TASK ITEM. Exact reproduction is required for the lines below starting at the line with "Female Hostage Are" and ending at the line with "Karen Smith being", both included. No other lines, and no pictures.

INFORMATION.
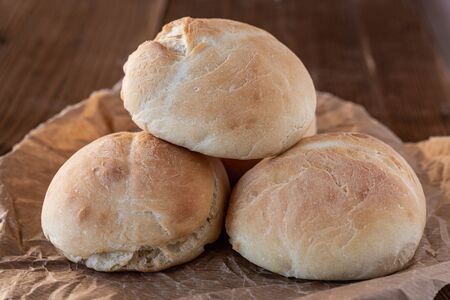 Fresh wheat buns. Homemade bread. Home cooking. Family breakfast. Fragrant bread rolls. Cooking together. Perfect for breakfast.の写真素材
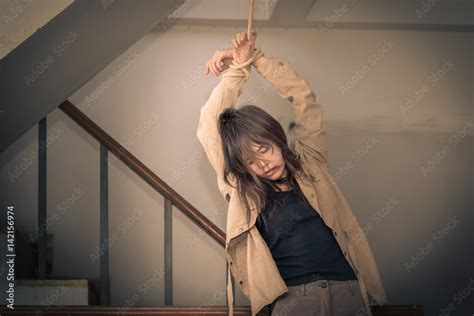 Female Hostage Are Tied Up With Ropes Hanging On Ladders Stock Photo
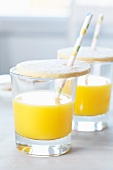 Glas Orangensaft mit Keks-Deckel und Strohhalm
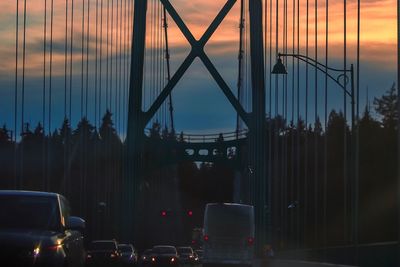 Cars in city against sky during sunset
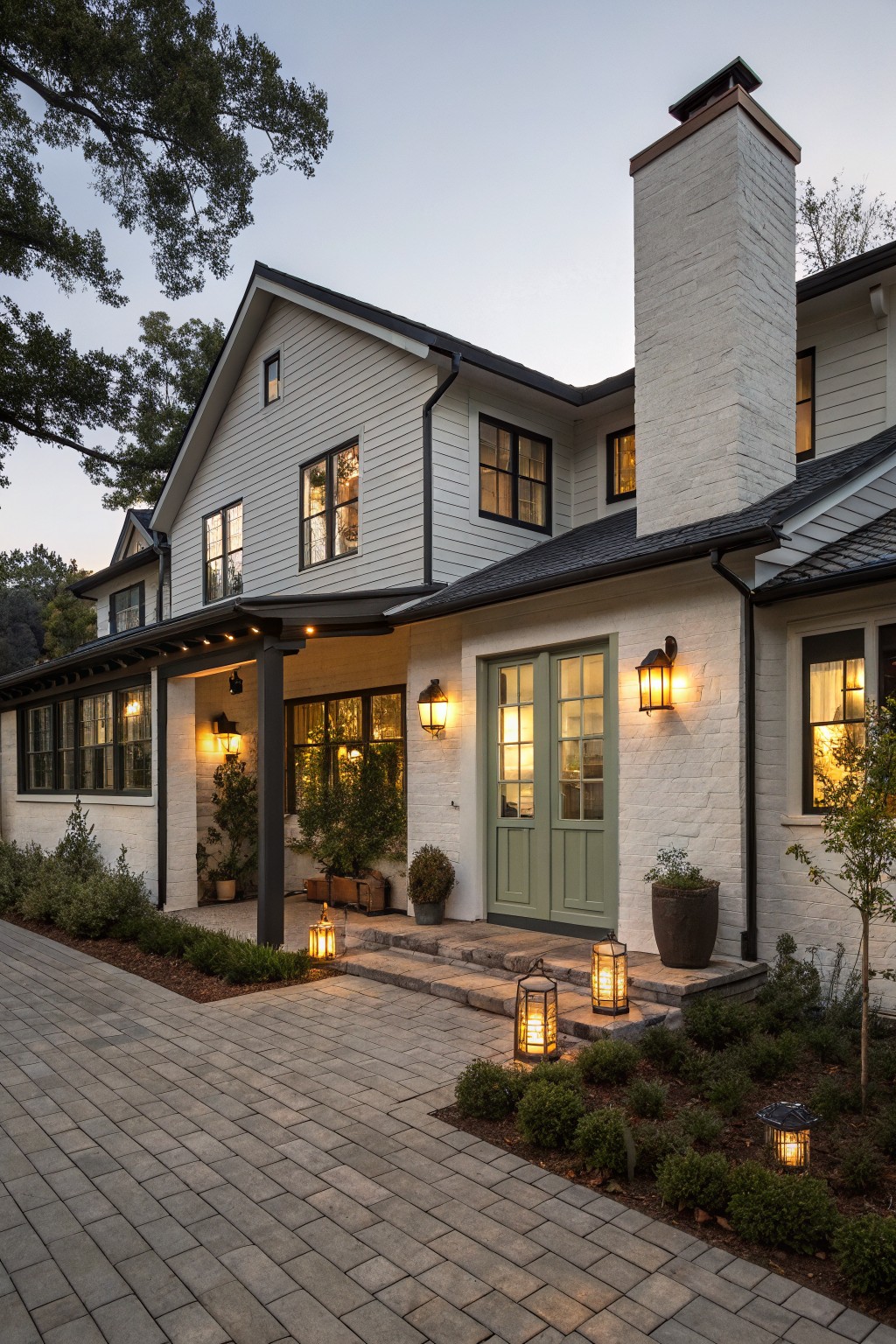 White house with green door, brick chimney, and glowing lanterns at dusk.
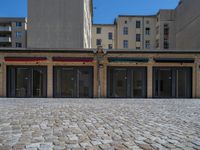 the sidewalk is paved with stones and has a bench in front of it, with no people inside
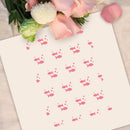 A square cream-colored card or paper featuring a repeating pattern of small pink fish and dots, styled flat-lay with pink roses and green leaves at the top edge on a light fabric background.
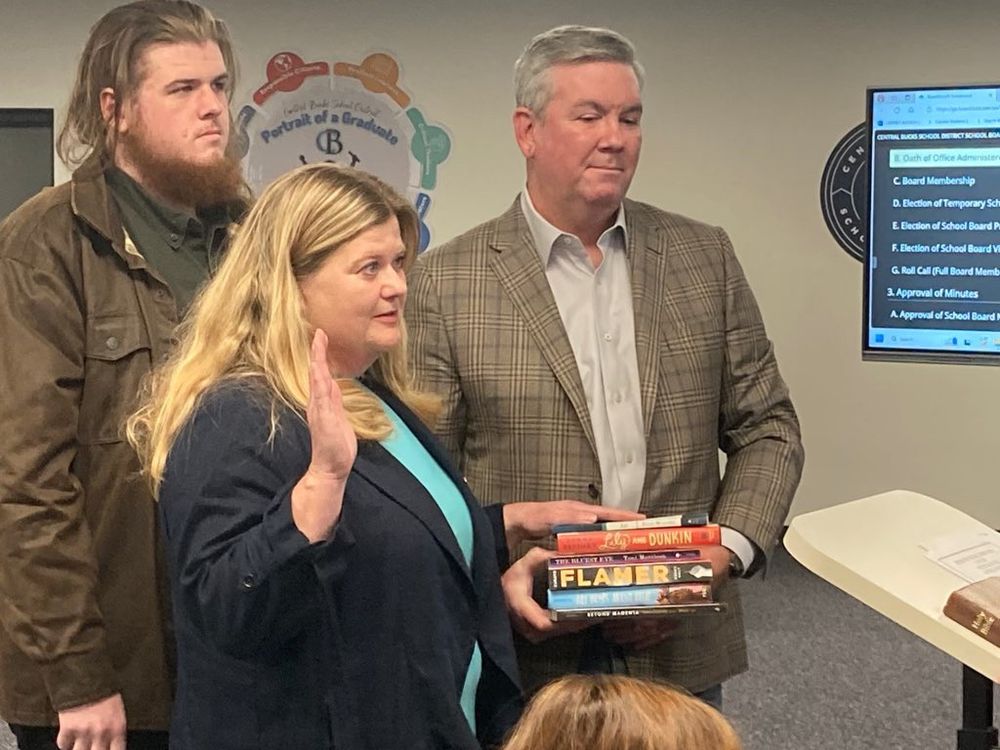 Karen Smith being sworn into her new position. She has her right hand in the air and left hand on a stack of books that have been banned in her area. Two men stand to her left, one holding the stack of banned books.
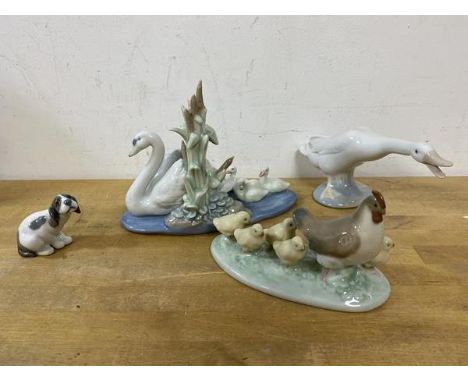 A collection of Lladro animals including a swan with cygnets, measures 12cm high a/f, also a goose, a puppy and a Nao mother 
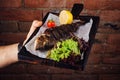 Served fried carp on wooden board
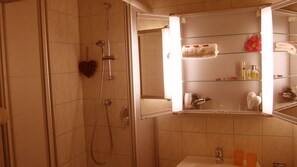 Shower, hair dryer, towels, toilet paper
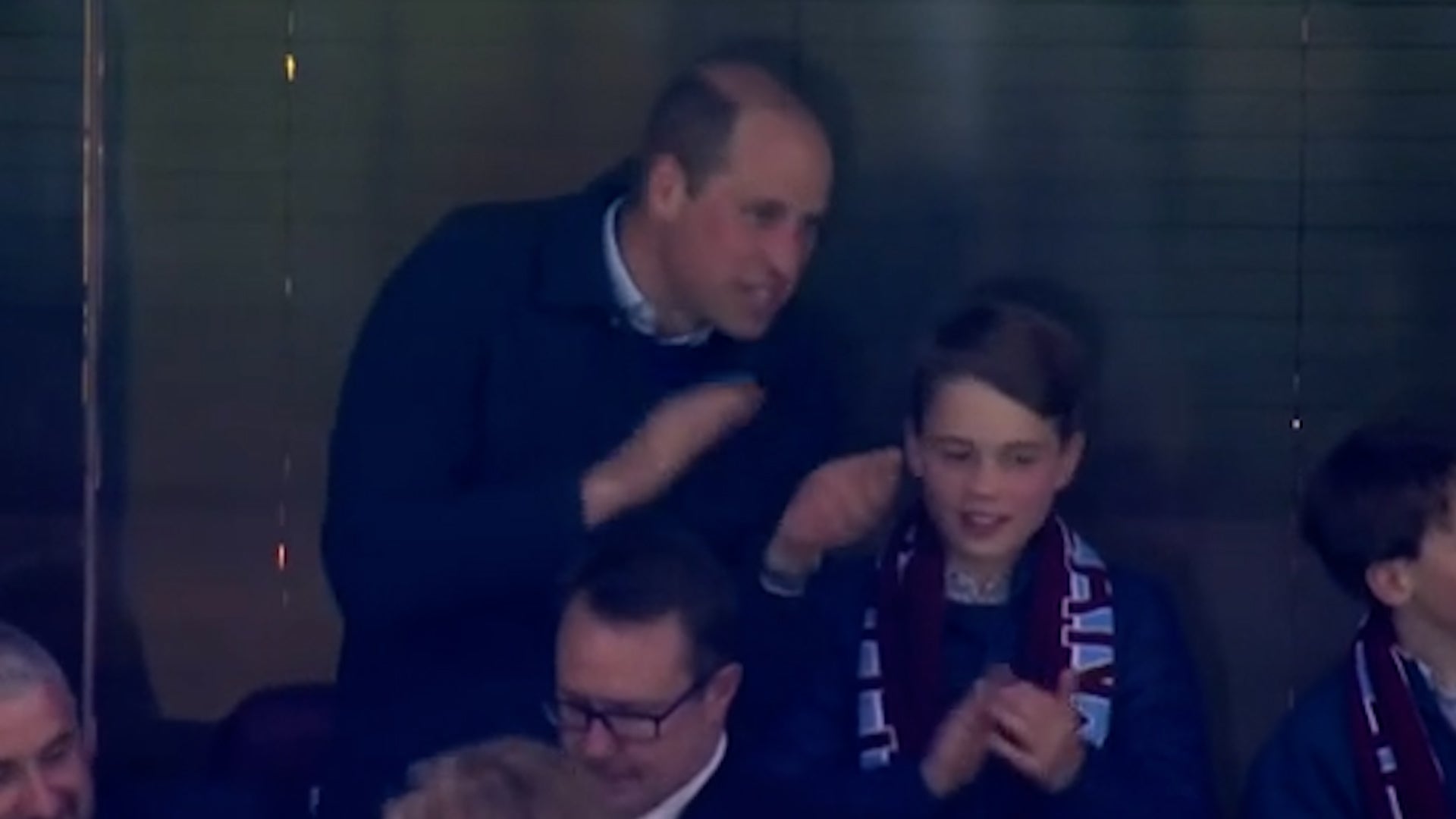 Prince William was seen smiling and applauding in the Villa Park stands in Birmingham with his eldest son on Thursday evening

RESPONSE.
 Female Hostage Are Tied Up With Ropes Hanging On Ladders Stock Photo
 Glas Orangensaft mit Keks-Deckel und Strohhalm
 Cars in city against sky during sunset
 White house with green door, brick chimney, and glowing lanterns at dusk.
 the sidewalk is paved with stones and has a bench in front of it, with no people inside
 A square cream-colored card or paper featuring a repeating pattern of small pink fish and dots, styled flat-lay with pink roses and green leaves at the top edge on a light fabric background.
 Karen Smith being sworn into her new position. She has her right hand in the air and left hand on a stack of books that have been banned in her area. Two men stand to her left, one holding the stack of banned books.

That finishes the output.